Tech support scammers use old bug to freeze browsers

Tech support scammers are exploiting a bug that maxes out users’ CPU and memory capability and effectively freezes the browser and possibly the computer, in an attempt to convince users that they have been hit with malware.

According to Malwarebytes’ Jérôme Segura, the bug in question was identified in 2014 and it affects Chrome, Firefox and Safari. It is still unfixed, and is now used for social engineering purposes.

It can be triggered by simply adding a few lines of code to a website that the victims will be tricked into visiting or will be redirected to by a malicious ad.

The bug results in the browser freezing (but not crashing), with the above message shown.

Users who know better will try to open the Windows Task Manager or a similar tool and kill the browser process, but if the computer is not powerful enough to open another software while all this is going on, they will have to reboot the system to get their computer back in working order.

Unfortunately, impressionable and less tech-savvy users will be scared, and many will likely call the offered number.
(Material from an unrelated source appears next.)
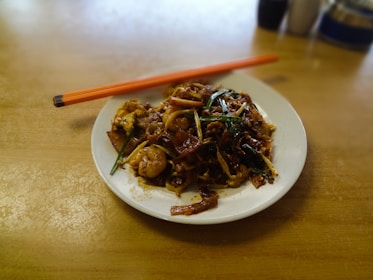 A sizzling plate of Chinese noodles and fast food items on a wooden table.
The number, of course, does not lead to a reputable tech support service – it is manned by the scammers, who will try to convince the victims to pay for a computer cleaning service or (fake) software.

The website (perfecthosting[.]co/alert/) hosting the bug-triggering exploit and the fake alert is already being flagged as deceptive by Google Safe Browsing, but you can be sure that similar ones are already out there.

According to commenters, the same warning has already been translated to target French-speaking users, and the scammers are impersonating tech support service company Eureka24.